Posts Tagged ‘vignatti’

late Christmas gift: freedesktop’s Xorg for MeeGo

December 29, 2010

Moikka.

If you follow here [0] you will see a set of Debian packages that Graphics team at Nokia are continuously working to deploy a X11 implementation for MeeGo-Harmattan, where we target embedded systems only. Feel free to use it!


At this point, we are very proud of ourselves because 99% of the content on these repositories are based on the ones at X main-stream of development. IWO we are directly fetching the X code-base from freedesktop.org. More important, we are shaping freedesktop implementation for embedded devices. So at this moment, we are pretty much aligned with X version 1.9.2, plus a few of other commits from master branch; the rest of components, like client side libraries, are mostly what we have on freedesktop master also.

We are quite happy because it follows exactly what we’ve planned some time ago when we strategically decided to contribute to X at freedesktop community, centralizing the development there and not ignoring it. So, no-no for kdrive, no-no for massively code-drop on the top of freedesktop’s, no-no for a proprietary X implementation, no-no for major hacks or anything like that. Aside from the video driver stack, everything was dumped at freedesktop.

Next, the plan pretty much fits with MeeGo-MeeGo cause we just needs to get the work we’ve been doing straight from freedesktop, avoiding any cross fetching between down-streams of development.

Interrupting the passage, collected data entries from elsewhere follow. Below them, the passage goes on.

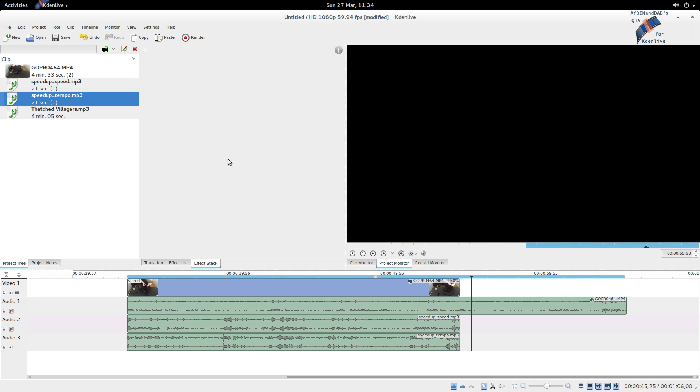Right, so in this video Dad showed you how to speed up audio files with Audacity because Kdenlive can't. If you like this video, don't forget to like, favorite, and subscribe. Thanks for watching, bye!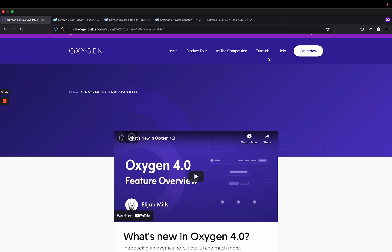Hey guys, this is James from Isotropic, and in this video we're going to be taking a look and reviewing Oxygen version 4.0.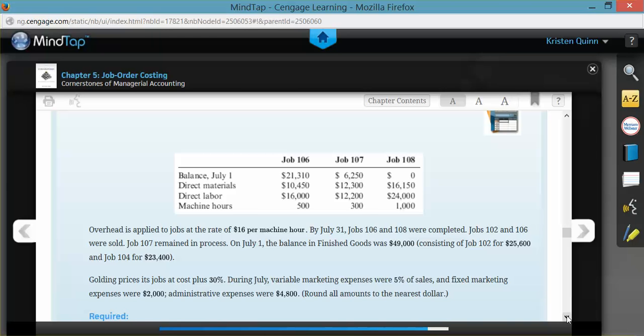The company prices its jobs at cost plus an additional 30% because they would like to make a profit. They tell us that during July, they had variable marketing expenses that were 5% of their total sales, and fixed marketing expenses were $2,000. Administrative expenses were $4,800, and they tell us to round all the amounts to the nearest dollar.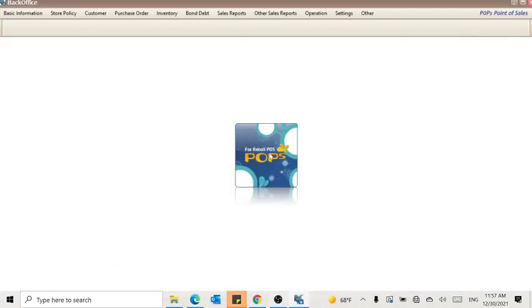In this video we'll explain how you can change the VAT percentage from 5% to 10% in POPS retail software.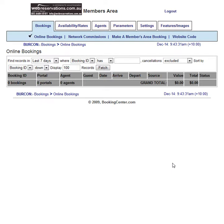I've recently been asked how to update availability in the members area, so I decided to make a quick video to show you how easy it can be.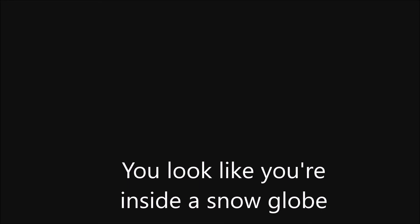You look like you're inside a snow globe. It's beautiful. Can you see a man in a black coat with an umbrella? He's standing near the theater. Yes, I see him. That's my dad. He's buying tickets for a special show.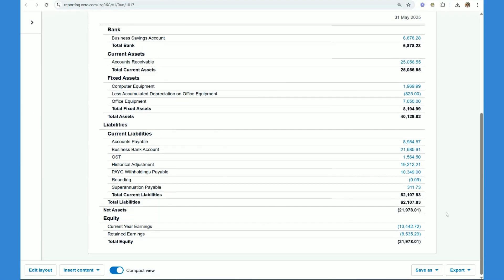As you can see, guys, there's no longer a balance for wages payable because we've reconciled that.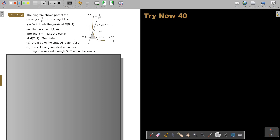Looking at the new picture, I can see there's a straight line and a curve. The straight line y equals 3x plus 1 cuts the y-axis at (0, 1) and the curve at (1, 4). The line y equals 1 cuts the curve at (2, 1). This is very important — unlike the previous example, there is an extra line, so we're working not just to the x-axis but also accounting for this line y equals 1.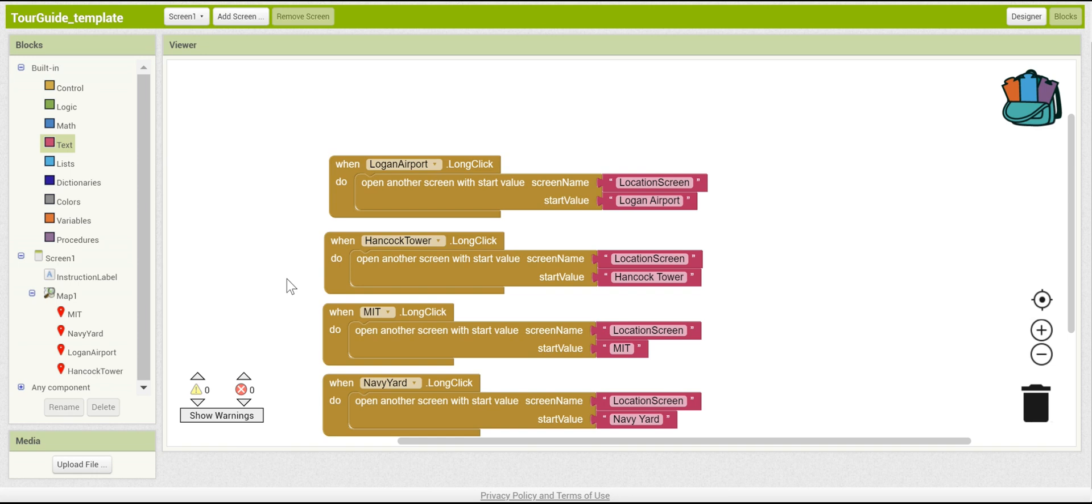This concludes part one of the Tour Guide tutorial app. Join me for part two, when we start fleshing out the different screens.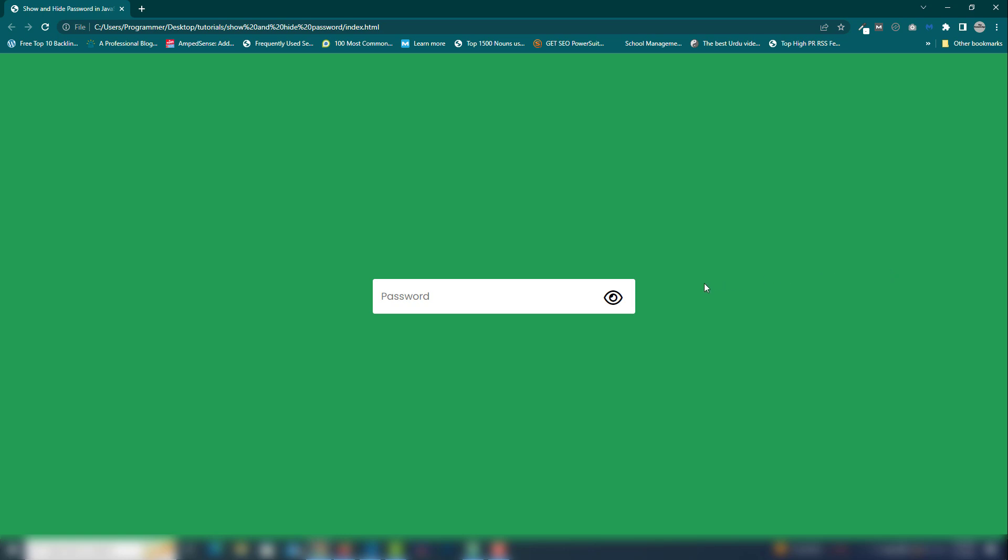Hey guys, welcome back to another video tutorial. In this video I'm going to show you how you can use JavaScript to display and hide the password inside the password field. Here's the project we're going to create: when I enter a password you can write any text inside the field, and when you click on the icon you're able to see the password displayed as text, and when you click again it returns to normal password.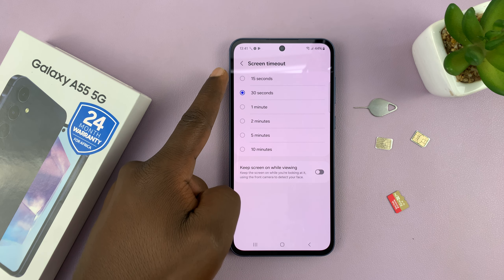You can see by default it's set to 30 seconds. You can increase that to 1, 2, 5, or 10 minutes, or even reduce it to 15 seconds, depending on what you want.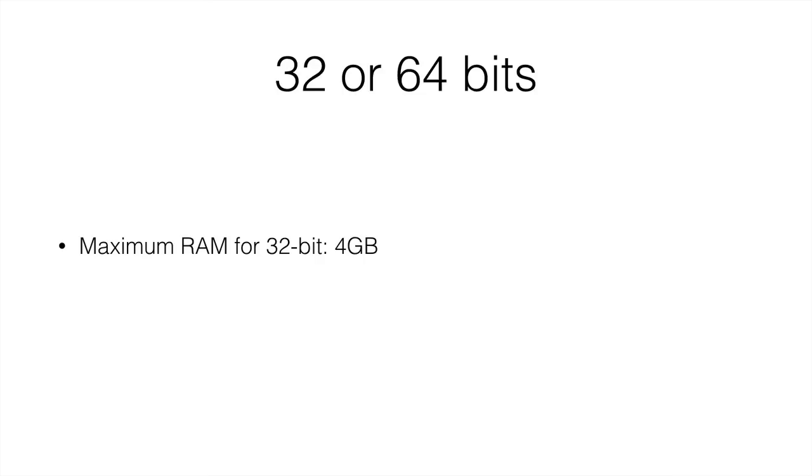You can install either a 32-bit operating system or a 64-bit operating system because pretty much all modern components support 64 or 32 bits. So if your computer has more than 4 gigabytes of combined memory, install a 64-bit operating system.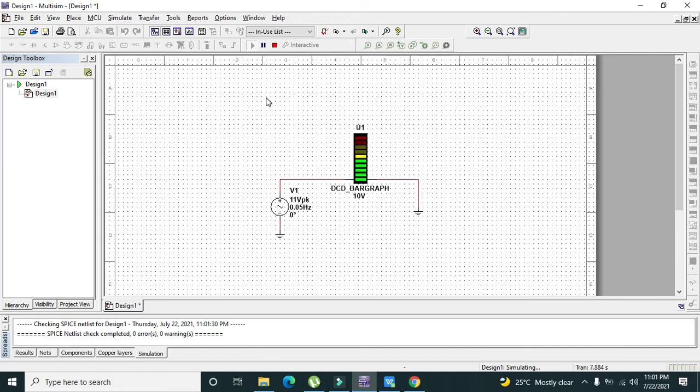Now all the LEDs will become on one by one. So this is a very simple concept regarding bar graph used within Multisim. Thanks for visiting our channel.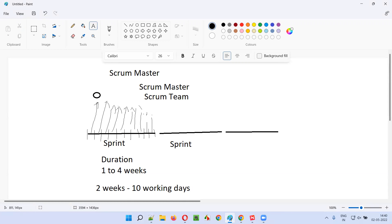In this meeting, the scrum master will ask each and every scrum team member about their current progress — what activities they are doing now, what tasks are completed, what tasks are pending, and whether there are any blockers because of which the team is lagging behind. The team will also assess whether they are on track and can finish the work by the end of the sprint. All such things are discussed during this daily scrum or daily standup meeting.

Hyvää!

[0] yeah, the name of the repository is not trivial at all – and probably we will change it in a near future. So poke me if you need this later on.

Advertisements

Priorities and scheduling hints for X server threads

August 7, 2008

Input events routed through another thread/process can have bad effects on latency because we can’t guarantee that it will get scheduled at the right moment. Although this is hard to see happening with the current X server threaded implementation, we must design something to avoid it. One way to improve the responsiveness is to give a high priority to the input thread and also adjust the CPU scheduling. (Note that this will not avoid problems related with page faults which usually happen in the X input flow.)

Linux uses 1:1 thread model and the scheduler handles every thread as a process. For now I don’t care about others systems. Both input generation and processing threads was designed to sleep after a relatively short CPU run. So we can give a priority to processes that are trusted to not hog the CPU. And given they are special time-critical applications I have no doubt in what policy to use: I set both input threads to use the real-time FIFO policy and to get the maximum priority (sched_get_priority_max()).

I’m sure that someone will complain telling that this would decrease a bit the main thread when used together with both input threads. In GUI we’re talking about better user experience. Latency variability must be avoided whenever possible in interactive situations. What the user see is what matters. For non-interactive processes (server scheduling workloads) the situation is totally different.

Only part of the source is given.